The campaign focuses on claims that rent control is leading to a decline in the supply of housing and a subsequent increase in housing costs.
“The rent cap is a failed policy solution that will not help the urgent need to create housing in Boston and throughout the Commonwealth. Rent control, also known as rent stabilization, has been shown to reduce housing production of future units and discourage maintenance and servicing of controlled units,” GBREB CEO Greg Vasil said in a statement last month.
Vasil also said that limiting construction would exacerbate the city’s housing crisis and that rent control would limit property tax collection for a city that is “heavily dependent” on them as a source of revenue.
Wu’s plan would allow landlords to increase rent by 6% plus the consumer price index, which measures inflation. The overall increase should not exceed 10% in any one year and tenants would be protected by a “just cause” eviction order. Exceptions would be owner-occupied properties with six units or fewer and new apartment buildings in the first 15 years after receipt of a certificate of occupancy.
“Boston tenants are often victims of steep rent increases that make it impossible for them to stay in their homes,” Wu wrote in a letter to the city council. “In 2022, advertised rents increased 14 percent across the city, while several neighborhoods saw increases of over 20 percent.”
City councilors will consider the proposal at a hearing on Wednesday morning. The GBREB campaign is urging the public to testify at the hearing.
If the city council finally approves Wu’s plan, the Beacon Hill legislature would consider it next. If the plan clears that hurdle, Gov. Maura Healey would still have to sign it before the plan officially goes into effect.
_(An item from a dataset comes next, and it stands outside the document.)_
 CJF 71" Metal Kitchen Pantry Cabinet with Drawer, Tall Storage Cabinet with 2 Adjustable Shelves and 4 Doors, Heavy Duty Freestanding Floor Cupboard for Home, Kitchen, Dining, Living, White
Massachusetts residents voted in 1994 to abolish rent controls statewide. At the time, only Boston, Cambridge, and Brookline had rent control policies.
After taking office, Wu formed a Rent Stabilization Advisory Committee to study possible plans for the city.
In a 2021 poll of registered voters, 59% of respondents said they would “strongly support rent control” to prevent landlords from raising rents too much.
GBREB is currently planning to spend nearly $400,000 on its rent control campaign, The Boston Globe reported. The organizers leave open the possibility of spending more if the proposal goes to lawmakers. National real estate industry affiliates are helping GBREB fund the campaign.
“It’s really important to go out and try to reach as many voters as possible in the city of Boston to make sure they are fully aware and understand what’s going on with this policy,” Vasil told the Globe.